Your play, 'nami, uses the post-tsunami Indonesian sex slave trade as a starting point and takes off from there. Tell us a little more about the play, and where you got the idea for it.
The idea for ‘nami was actually three-fold. The first came from a conversation I’d had with my business partner, Molly, shortly before the opening previews of my first play. I described to her a recurring mental image I’d been having involving a hysterically-pregnant woman. The woman (who later came to be named “Lil”), so haunted me that I had unconsciously begun writing a monologue for her in my mind, and when I recounted this to my partner, she smiled, shrugged, and asked me what I was waiting for.
That wait ended two weeks later, following an epic article in the New York Times Sunday Magazine regarding the aftermath of the Indonesian tsunami. The article claimed that after death and famine, the abduction and enslavement of orphans of the disaster was the most devastating after-affect. I clipped the article, re-reading it several times before the idea began to take shape.

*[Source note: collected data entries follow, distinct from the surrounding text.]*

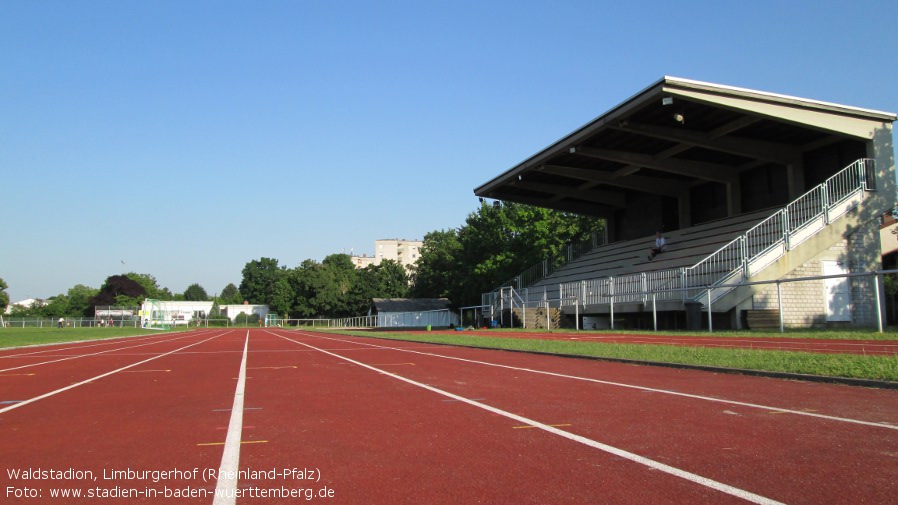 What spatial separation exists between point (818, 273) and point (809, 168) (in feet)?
24.9

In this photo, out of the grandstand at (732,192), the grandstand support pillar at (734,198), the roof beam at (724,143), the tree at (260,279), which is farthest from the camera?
the tree at (260,279)

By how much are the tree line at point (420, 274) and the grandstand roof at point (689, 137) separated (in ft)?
37.1

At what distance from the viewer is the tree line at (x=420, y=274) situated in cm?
A: 5012

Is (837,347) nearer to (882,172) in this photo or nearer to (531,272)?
(882,172)

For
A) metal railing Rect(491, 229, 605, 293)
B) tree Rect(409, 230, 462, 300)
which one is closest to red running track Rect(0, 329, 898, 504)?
metal railing Rect(491, 229, 605, 293)

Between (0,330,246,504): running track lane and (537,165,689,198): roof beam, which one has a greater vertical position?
(537,165,689,198): roof beam

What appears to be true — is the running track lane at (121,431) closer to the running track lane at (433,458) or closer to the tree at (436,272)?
the running track lane at (433,458)

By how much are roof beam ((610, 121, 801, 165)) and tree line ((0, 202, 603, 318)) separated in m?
21.5

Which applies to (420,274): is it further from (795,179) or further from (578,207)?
(795,179)

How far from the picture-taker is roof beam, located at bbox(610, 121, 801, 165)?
2728 centimetres

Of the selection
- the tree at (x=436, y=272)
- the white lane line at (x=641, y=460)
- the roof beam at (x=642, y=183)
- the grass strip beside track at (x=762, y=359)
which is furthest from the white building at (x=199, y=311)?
the white lane line at (x=641, y=460)

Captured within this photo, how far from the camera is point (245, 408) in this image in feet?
25.0

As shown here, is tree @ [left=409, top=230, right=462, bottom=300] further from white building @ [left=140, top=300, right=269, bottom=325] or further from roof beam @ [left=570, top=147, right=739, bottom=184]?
white building @ [left=140, top=300, right=269, bottom=325]

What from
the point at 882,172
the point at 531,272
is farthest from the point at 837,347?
the point at 531,272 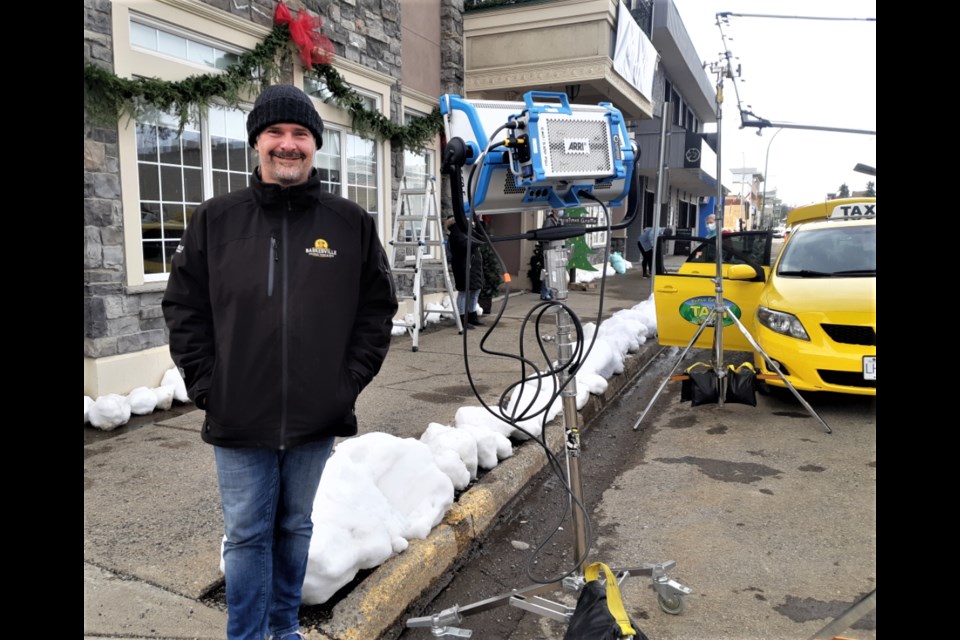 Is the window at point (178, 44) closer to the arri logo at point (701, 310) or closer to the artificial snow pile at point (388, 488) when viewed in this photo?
the artificial snow pile at point (388, 488)

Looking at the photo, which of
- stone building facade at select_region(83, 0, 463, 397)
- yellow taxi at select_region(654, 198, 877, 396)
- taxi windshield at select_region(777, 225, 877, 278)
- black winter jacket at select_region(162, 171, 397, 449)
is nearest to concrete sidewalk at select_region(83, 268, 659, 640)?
stone building facade at select_region(83, 0, 463, 397)

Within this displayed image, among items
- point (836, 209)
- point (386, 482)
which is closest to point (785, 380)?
point (386, 482)

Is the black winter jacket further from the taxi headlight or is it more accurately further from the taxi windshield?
the taxi windshield

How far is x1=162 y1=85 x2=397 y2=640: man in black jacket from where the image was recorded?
2059mm

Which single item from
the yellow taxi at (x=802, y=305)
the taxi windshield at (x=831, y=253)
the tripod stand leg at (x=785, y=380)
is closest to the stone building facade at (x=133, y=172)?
the yellow taxi at (x=802, y=305)

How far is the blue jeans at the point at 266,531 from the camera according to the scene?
6.95ft

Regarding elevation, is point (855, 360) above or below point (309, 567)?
above

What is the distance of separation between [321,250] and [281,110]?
44 cm

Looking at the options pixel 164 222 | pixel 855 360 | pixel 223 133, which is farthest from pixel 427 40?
pixel 855 360

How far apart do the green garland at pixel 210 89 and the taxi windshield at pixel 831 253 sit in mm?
4871

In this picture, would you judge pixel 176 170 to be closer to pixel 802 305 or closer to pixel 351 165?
pixel 351 165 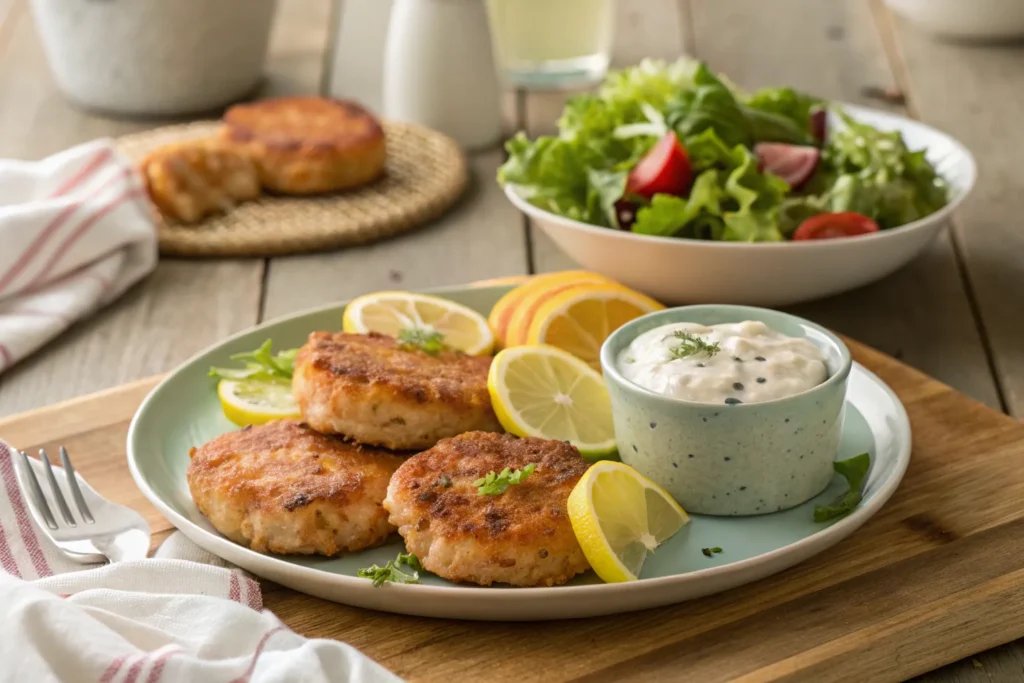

The final “click” came when I read an article in the Daily News about a Korean prostitution ring which had recently been broken up in Corona, Queens (apparently the unfortunate beginning of 2005 was great fodder for my writing). The article described a virtual prison for up to twenty illegal Korean immigrants, many of whom had been deceived and enslaved by their captors, and forced to work off their immigration costs via prostituting themselves. The piece closed with several quotes from horrified neighbors, many of whom claimed absolutely no knowledge of the goings-on in the house just up the street.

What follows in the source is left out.